*** Opening of Provided data ***

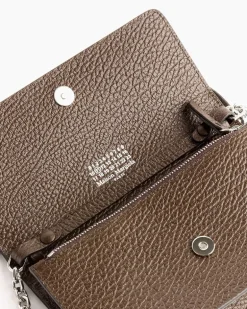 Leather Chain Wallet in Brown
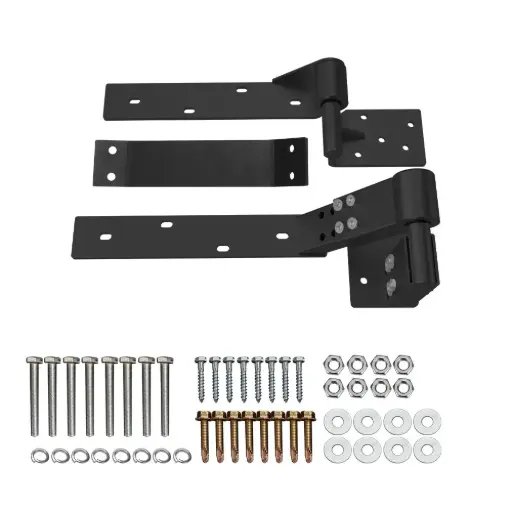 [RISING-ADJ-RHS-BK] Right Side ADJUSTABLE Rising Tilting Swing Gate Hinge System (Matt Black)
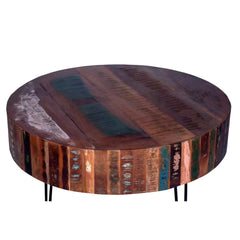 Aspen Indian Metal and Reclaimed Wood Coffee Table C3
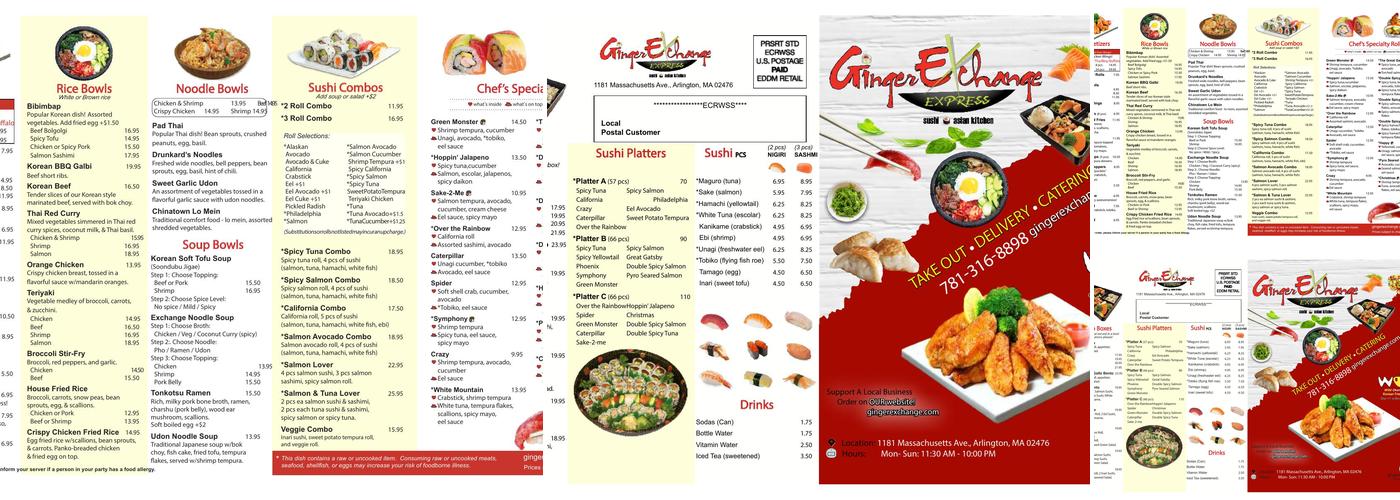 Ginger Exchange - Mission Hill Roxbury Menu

*** Close of Provided data ***

■ Exercise requirements ■
Look for the line that contains "[RISING-ADJ-RHS-BK] Right Side", then please copy it and the rest of the lines through the end of the data, pictures excluded.

■ Response to this task ■
 [RISING-ADJ-RHS-BK] Right Side ADJUSTABLE Rising Tilting Swing Gate Hinge System (Matt Black)
 Aspen Indian Metal and Reclaimed Wood Coffee Table C3
 Ginger Exchange - Mission Hill Roxbury Menu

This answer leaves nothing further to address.